Instructions for the task: Please repeat, exactly as written, every line from the one containing "Gesigneerde A Day" through the last line of the records, both included, and leave out any pictures.

Exercise data:
------------------------
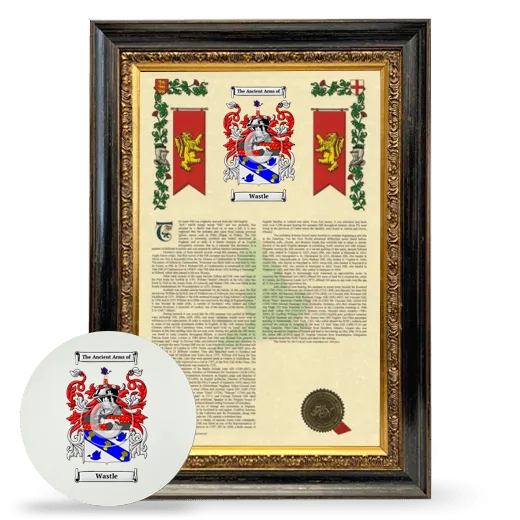 Wastle Framed Armorial History and Mouse Pad - Heirloom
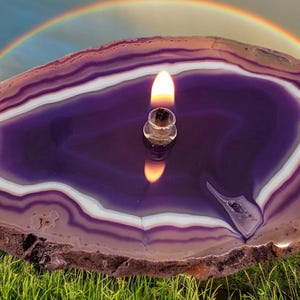 Purple Oil Lamp Agate Forever Wick Candle for meditation gift for friend purple spa gift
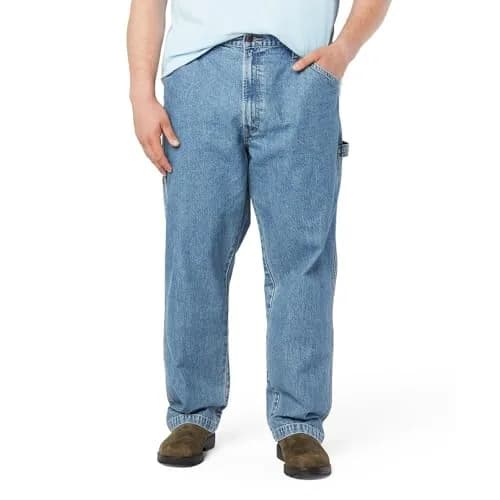 Signature by Levi Strauss & Co. Men's Carpenter Jeans, Light Indigo Stretch, 50W x 32L (127cm x 81cm) | Loose Fit Workwear thumbnail 1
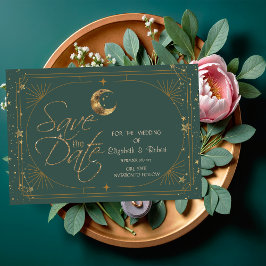 Reserve A Data Celestial Gold Moon Stars Frame Green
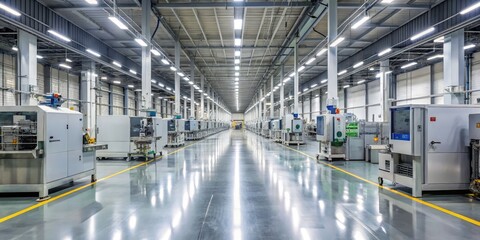 Fototapeta premium Modern Industrial Factory Interior with Bright Lighting and Yellow Lines, Factory, Manufacturing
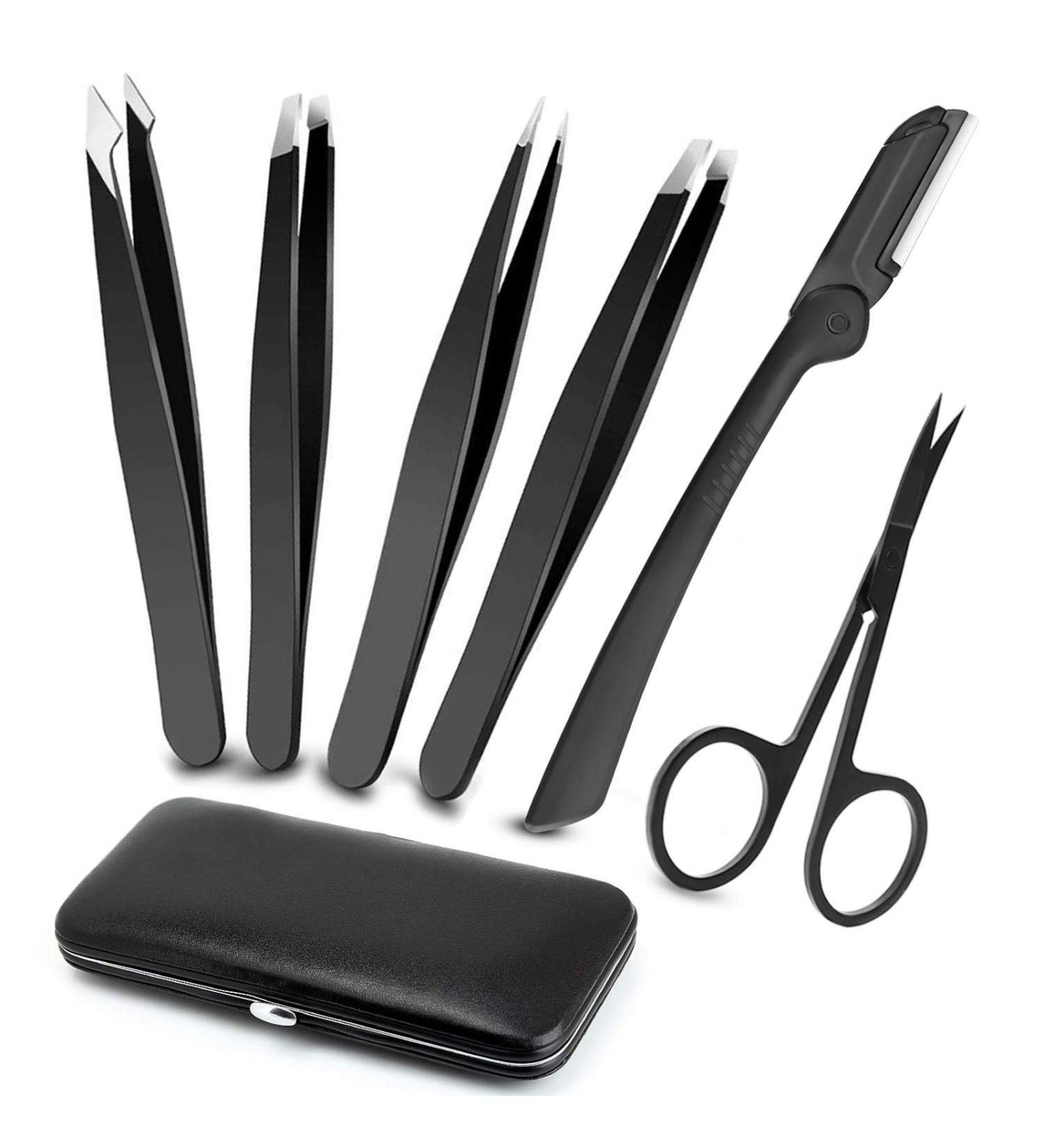 6 Piece Tweezers Set Eyebrow Tweezers Scissors Set with Stainless Steel Point Slant Flat Tip Tweezers and Eyebrow Razor and Scissors for Eyebrows Plucking Facial Body / Ingrown Hair Removal-Packed in Leather Case - Buy Online on SooperMarket.com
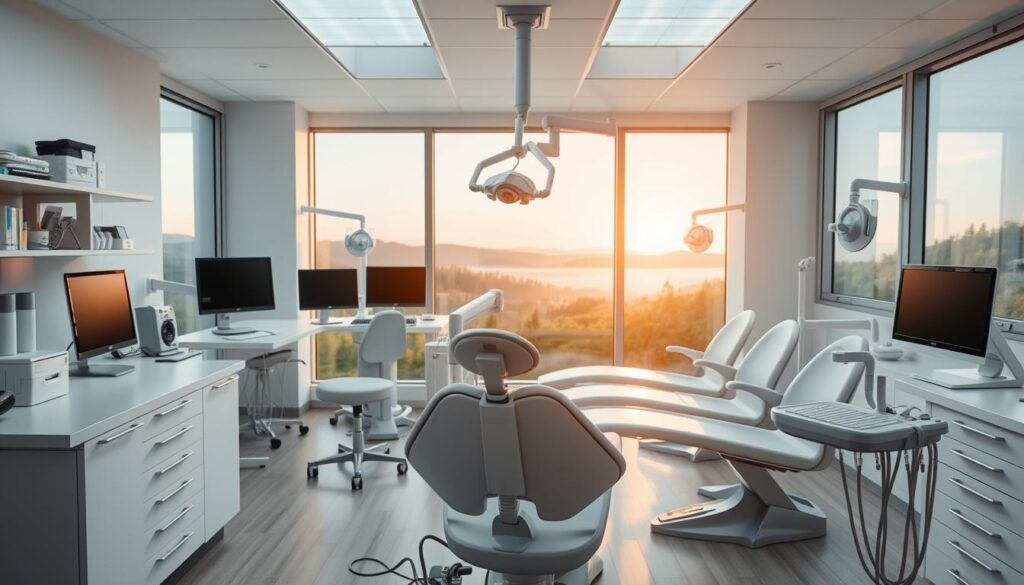 A medical office interior with modern dental equipment and technology, featuring a central reception desk, computer workstations, and various diagnostic and treatment devices. The lighting is bright and professional, with a clean, minimalist aesthetic. In the foreground, a dental chair is positioned prominently, surrounded by an array of tools and supplies. The middle ground showcases a row of dental chairs, each with a sleek, ergonomic design. In the background, a large window overlooks a serene, natural landscape, creating a calming, spa-like atmosphere. The overall scene conveys the efficiency, cleanliness, and advanced capabilities of a well-equipped, state-of-the-art dental practice.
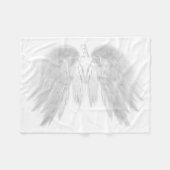 ANGEL WINGS Monogram White Fleece Deken (Voorkant (Horizontaal))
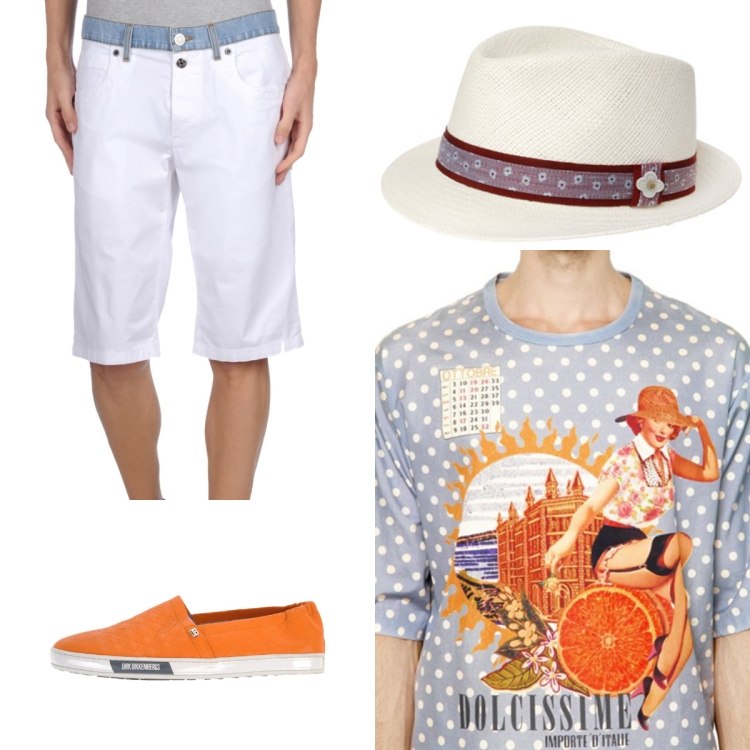 outfits-sommar-2015-byxor-skor-dirkbikkembergs-hatt-lardini-tshirt-D & G;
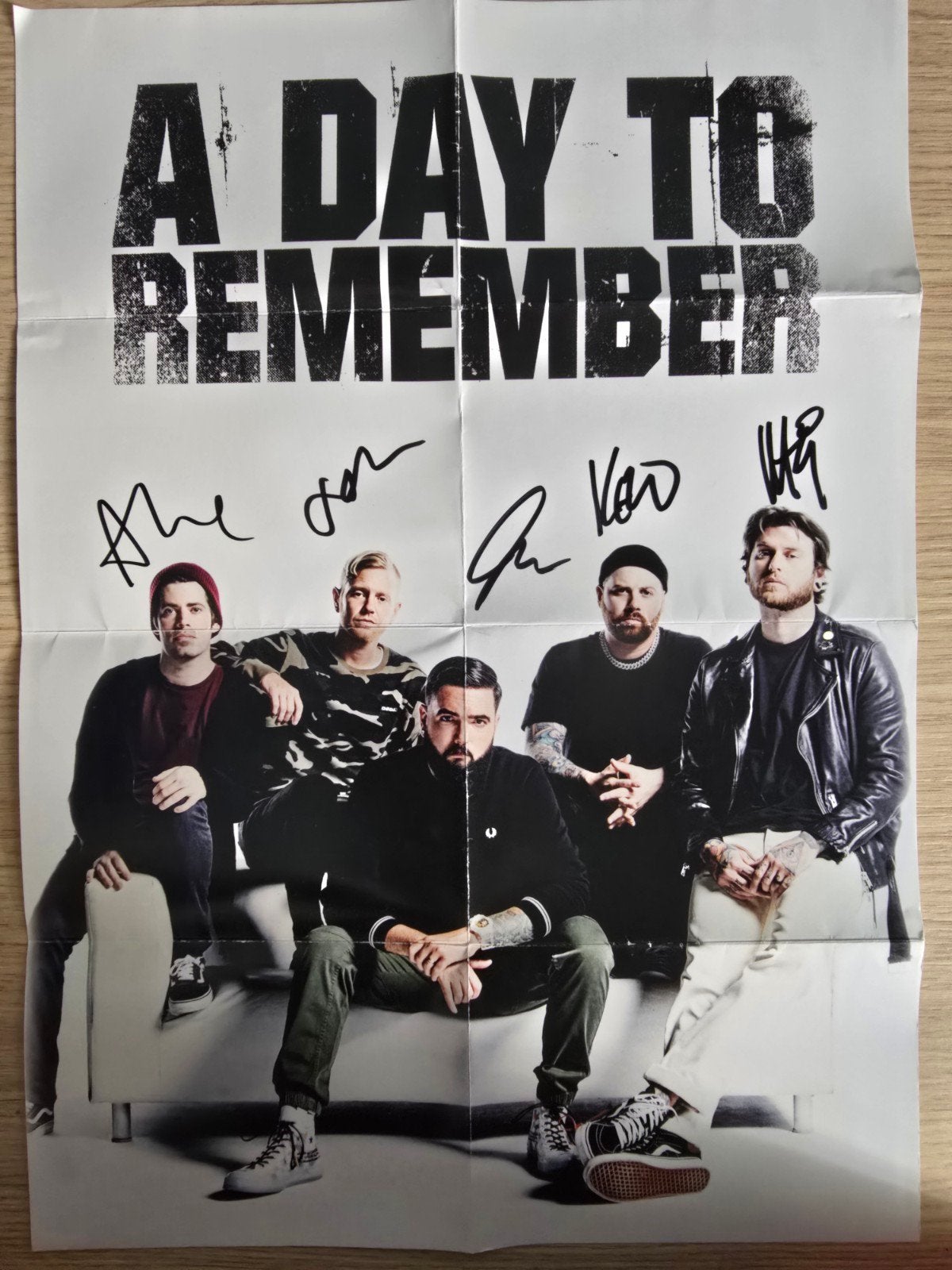 Gesigneerde A Day To Remember Poster handtekeningen band, Rechthoekig Staand, Ophalen of Verzenden, Zo goed als nieuw, A1 t/m A3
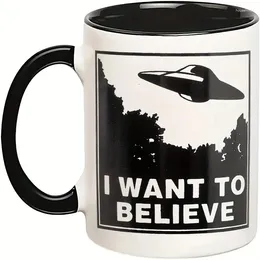 Mugs 11oz Ceramic UFO Mug - Perfect For Coffee Tea And Alien Lovers Double-Sided Design Unique Gift Idea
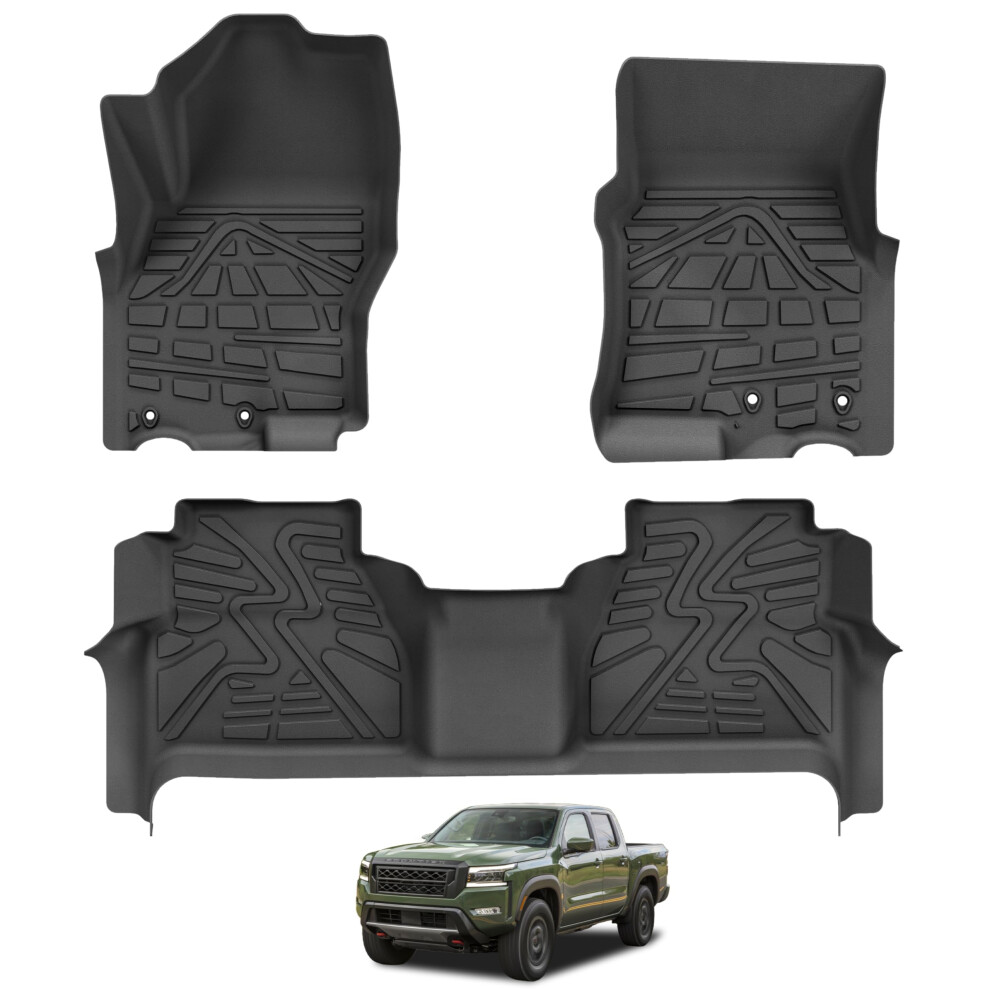 Karpal Floor Mats Fit For Nissan Frontier 2022 2023 2024 Crew Cab W/ 2Nd Row Under-Seat Storage Tpe All Weather Protection Heavy Duty Floor Liners F 644197987531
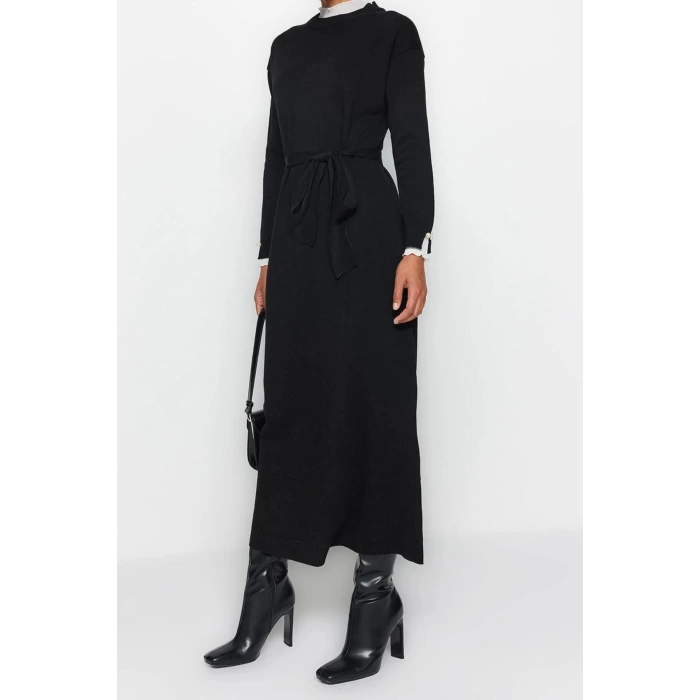 Fashion Regular Casual Daily Pique Knitwear Stand Collar Long Sleeve Shift Maxi Length Hijab Dress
------------------------
Response area:
 Gesigneerde A Day To Remember Poster handtekeningen band, Rechthoekig Staand, Ophalen of Verzenden, Zo goed als nieuw, A1 t/m A3
 Mugs 11oz Ceramic UFO Mug - Perfect For Coffee Tea And Alien Lovers Double-Sided Design Unique Gift Idea
 Karpal Floor Mats Fit For Nissan Frontier 2022 2023 2024 Crew Cab W/ 2Nd Row Under-Seat Storage Tpe All Weather Protection Heavy Duty Floor Liners F 644197987531
 Fashion Regular Casual Daily Pique Knitwear Stand Collar Long Sleeve Shift Maxi Length Hijab Dress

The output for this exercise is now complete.